Back in the 1960s, famous science fiction author Ray Bradbury penned a short story about a little girl named Agatha whose mother had tragically died. Agatha’s father, knowing that his daughter needed a mother, went out and got an “Electric Grandmother.” A robot.
Agatha, afraid of making any emotional bond that might end with another sudden loss resists the love and companionship of her Electrical Grandmother as a replacement for her dead mother…until the robot demonstrates her intrinsic immortality.
Science and technology have just about caught up to Mr. Bradbury’s Electric Grandmother.
The European Commission’s “Beyond Robotics” project workbook states its mission as “Developing cognitive robots whose ‘purpose in life’ would be to serve humans as assistants or ‘companions.’ Such robots would be able to learn new skills and tasks in an active open-ended way and to grow in constant interaction and co-operation with humans.”
Governments and private universities, as well as corporations, have been working hard to meld the technologies of artificial intelligence with advanced robotics.

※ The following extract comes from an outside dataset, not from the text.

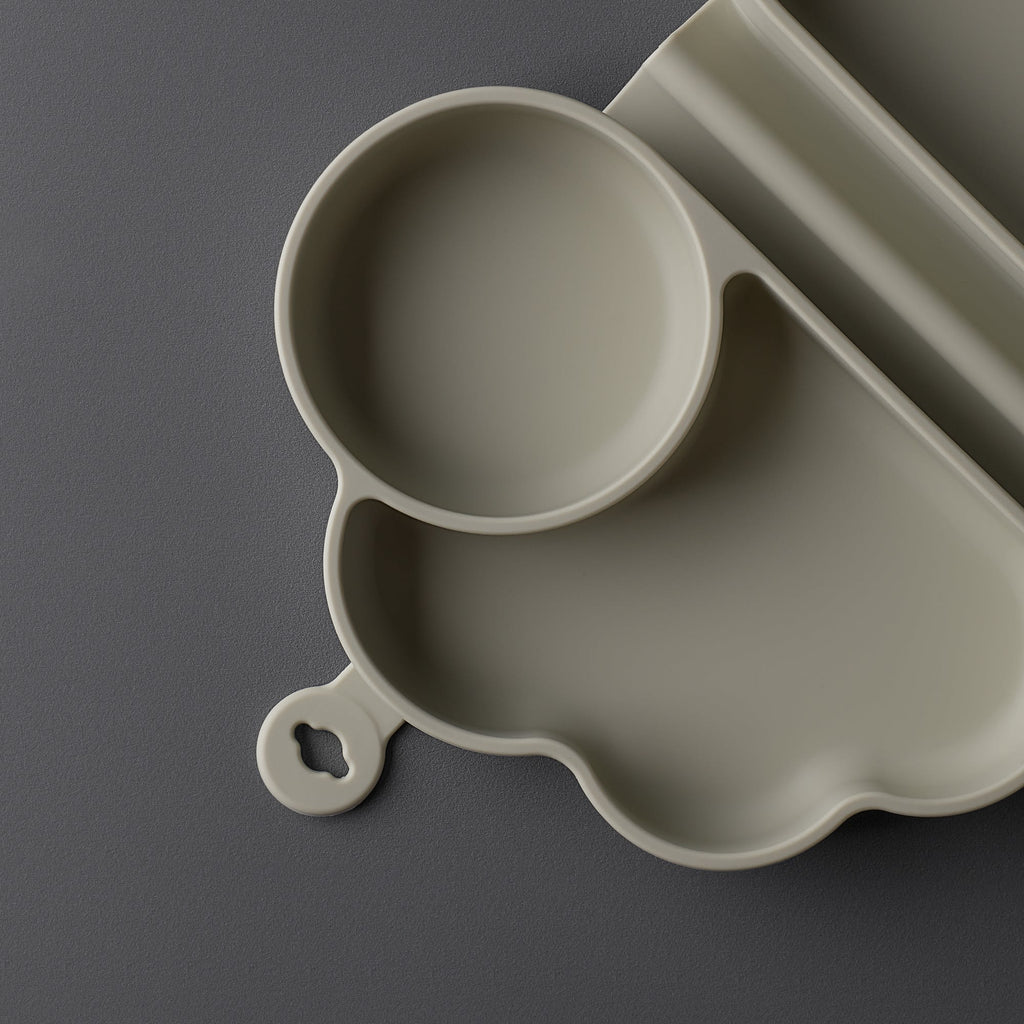 PLATO DE SILICONA NUBE CON BASE DE SUCCIÓN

The ultimate goal is to create an interactive mobile intelligence that can work, play and relate to human beings.
The very nature of that goal demands that robots are endowed with cognitive capacity. It will have to react to changing environments, emotions, situations and tasks. The ability to grow, learn and incorporate new data into what has already been digested will be critical.

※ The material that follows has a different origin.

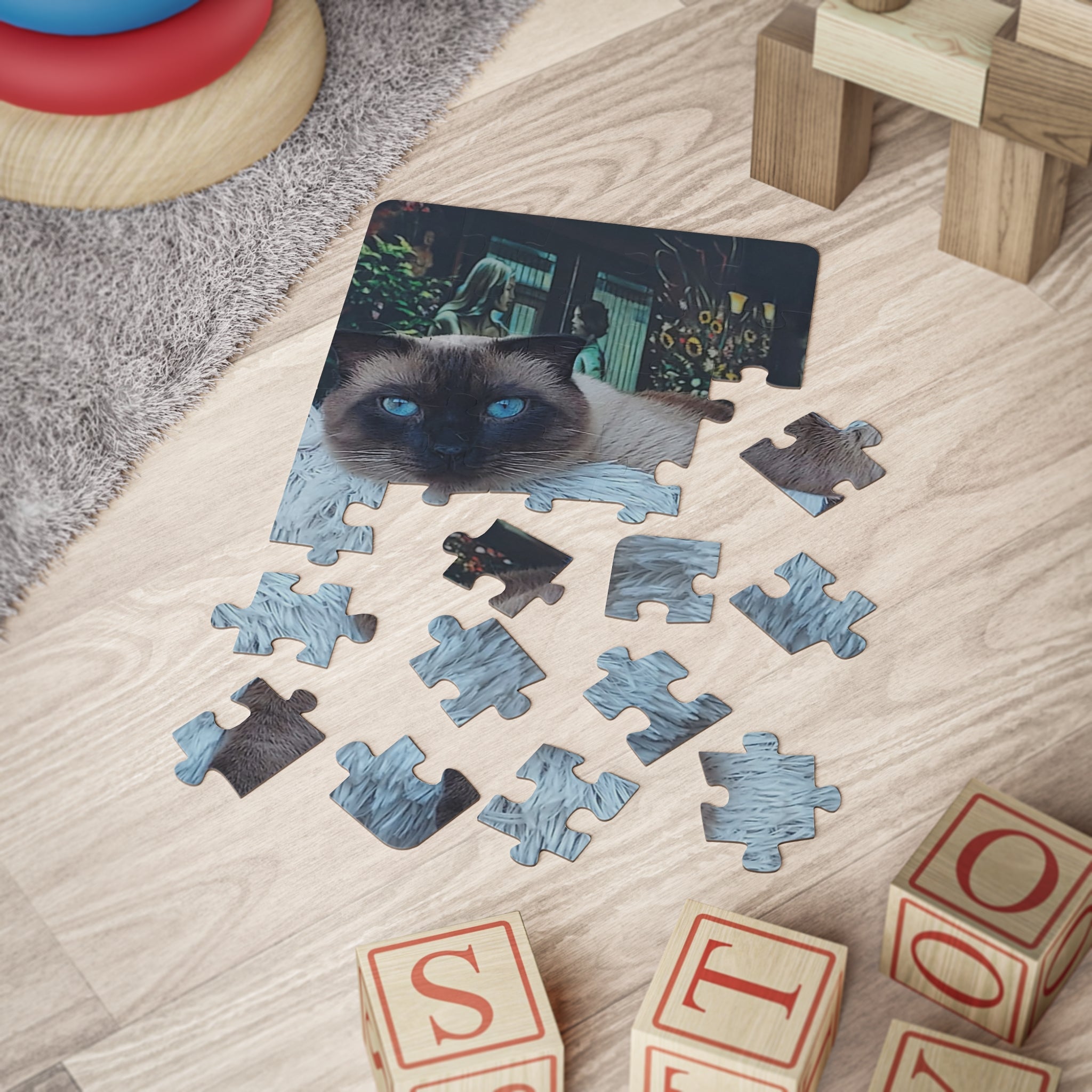 Cat-Themed Kids' Puzzle, Fun Family Activity, Educational Gift for Holidays, Engaging Playtime, Perfect for Cat Lovers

Cognitive robot companions must have the capability to interpret its surroundings while adapting to new experiences and—most of all—its human partner. Researchers recognize that future robotic companions must also be able to adapt and respond to a human’s needs.
Companionable is one of the companies that is working to bring cognitive robot companions to market. As Western countries’ populations age and lifespans lengthen, the need for robot companions will increase.

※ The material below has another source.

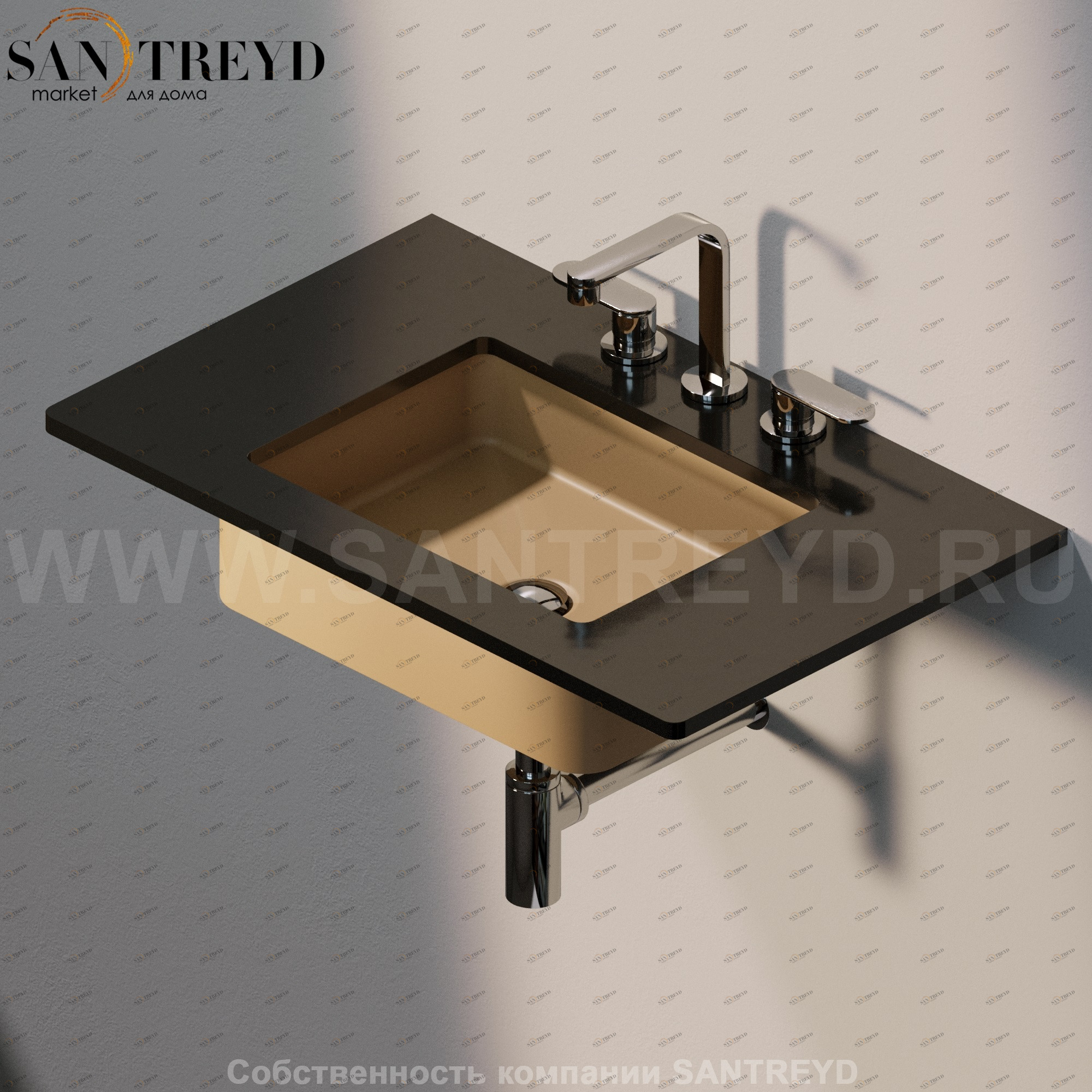 MW48SP9004 Накладная раковина под столешницу  квадратная Ceramica Flaminia Miniwash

Among the things that cognitive robot companions will need to master are such areas as communication, reasoning, sociability, and responding to moods.
For Companionable—a company seeking to provide cognitive robot companions that will assist caregivers tending to people in hospices, or the infirm or elderly in their residences—the mission critical capabilities will be focused on the skills needed for that kind of symbiotic relationship.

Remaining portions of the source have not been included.